If, upon checking the Declaration of Candidacy, the election official finds the designation to be in violation of any of the restrictions set forth in Section 13107, the elections official shall notify the candidate by registered or certified mail return receipt requested, addressed to the mailing address appearing on the candidate's nomination documents.

The candidate shall, within three (3) days from the date of receipt of the notice, appear before the election officer or, in the case of the Secretary of State, notify the Secretary of State by telephone, and provide an alternate designation.

In the event the candidate fails to provide an alternate designation, no designation shall appear after the candidate's name.

Ballot Designation May Not be Changed After Filing

No designation given by a candidate shall be changed by the candidate after the final date for filing nomination papers, except as specifically requested by the election official.

Ballot Designation in Both Primary and General Elections

The designation shall remain the same for all purposes of both primary and general elections, unless the candidate, at least 83 days prior to the general election, requests in writing a different designation which the candidate is entitled to use at the time of the request.

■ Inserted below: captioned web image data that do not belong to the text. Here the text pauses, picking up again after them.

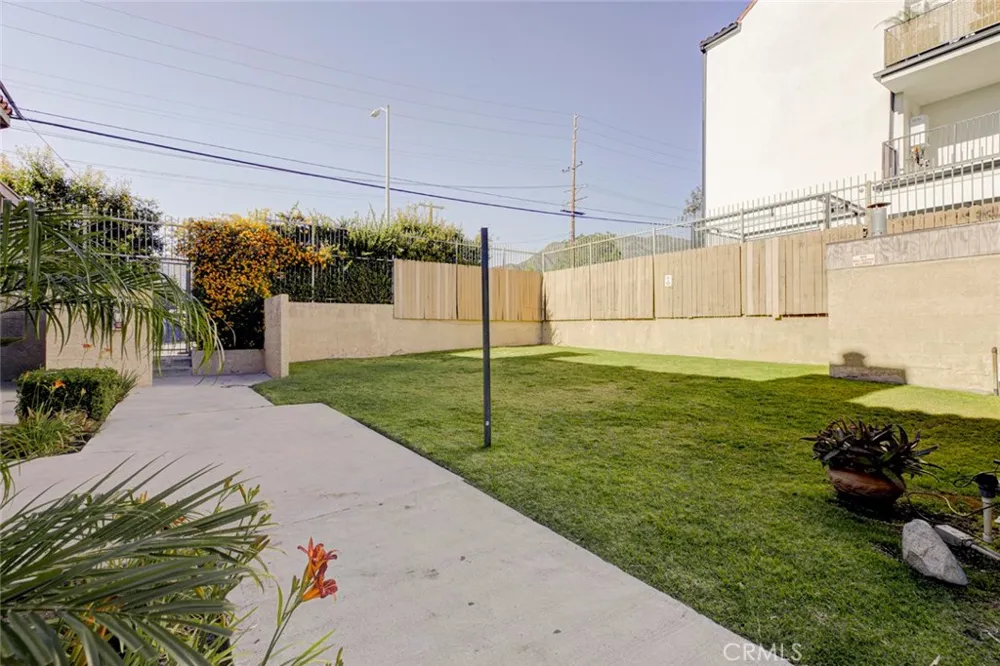 10260 Plainview Avenue #22 Tujunga, CA 91042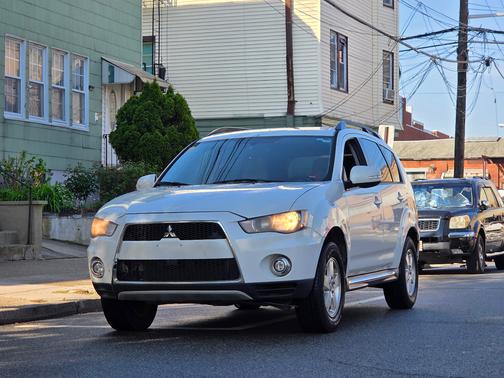 White 2012 Mitsubishi Outlander SE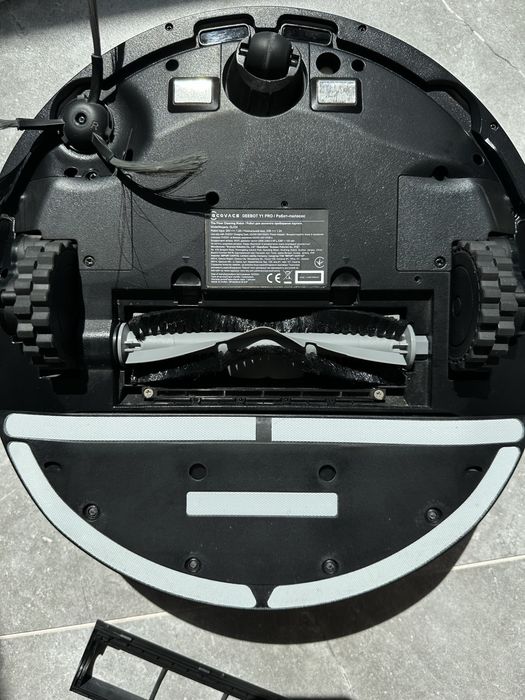 Робот пилосос ECOVACS DEEBOT Y1 PRO White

Format of Ballot Designation

In all cases, ballot designations shall be printed in 8-point uppercase and lowercase type.

If the designation selected is so long that it would conflict with the space requirements of Elections Code 13207 and 13211, the election official shall use a type size for the designation for each candidate for office sufficiently smaller to meet these requirements.

Whenever a foreign language translation of a candidate's designation is required under the Voting Rights Act of 1965 (42 U.S.C.A.  1971), as amended, to appear on the ballot in addition to the English version, it shall be as short as possible, as consistent as is practicable with Section 13107, and shall employ abbreviations and initials wherever possible in order to avoid undue length.

No Ballot Designation

A candidate who does not want a ballot designation should indicate this in the space provided for ballot designation on the Declaration of Candidacy, or the space may be left blank. If no designation is given, it will be assumed that none is desired.